WHAT THE TASK ASKS >>
Below, some lines carry pictures; leave those pictures out and retype exactly the lines from the one with "Más de mil chicos" through the one with "couple online show from 01.18.25".

RECORDED DATA >>
★ ★ ★ ★
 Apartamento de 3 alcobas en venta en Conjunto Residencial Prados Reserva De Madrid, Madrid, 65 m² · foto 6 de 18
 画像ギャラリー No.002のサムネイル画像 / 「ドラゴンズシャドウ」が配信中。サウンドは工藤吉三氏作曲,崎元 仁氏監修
★ ★ ★ ★
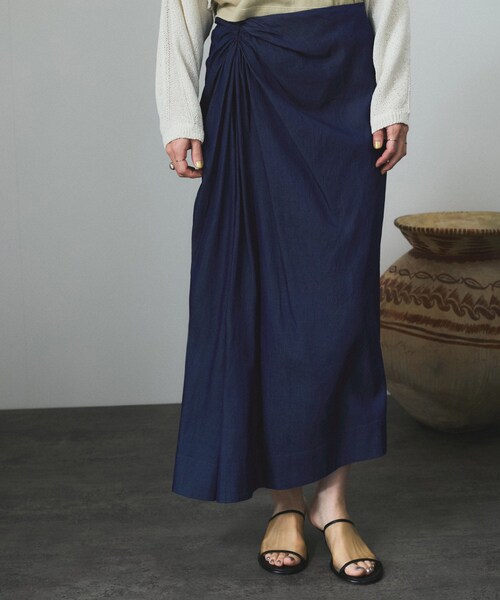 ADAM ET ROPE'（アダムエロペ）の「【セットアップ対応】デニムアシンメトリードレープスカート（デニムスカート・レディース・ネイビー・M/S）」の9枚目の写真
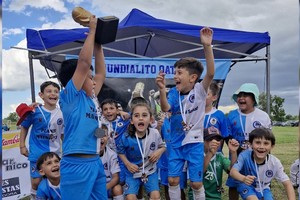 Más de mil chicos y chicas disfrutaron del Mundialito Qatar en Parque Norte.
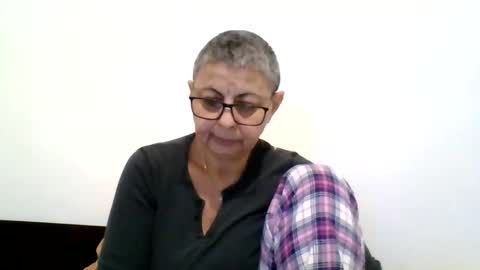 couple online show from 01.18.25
★ ★ ★ ★
PROBLEM SOLUTION >>
 Más de mil chicos y chicas disfrutaron del Mundialito Qatar en Parque Norte.
 couple online show from 01.18.25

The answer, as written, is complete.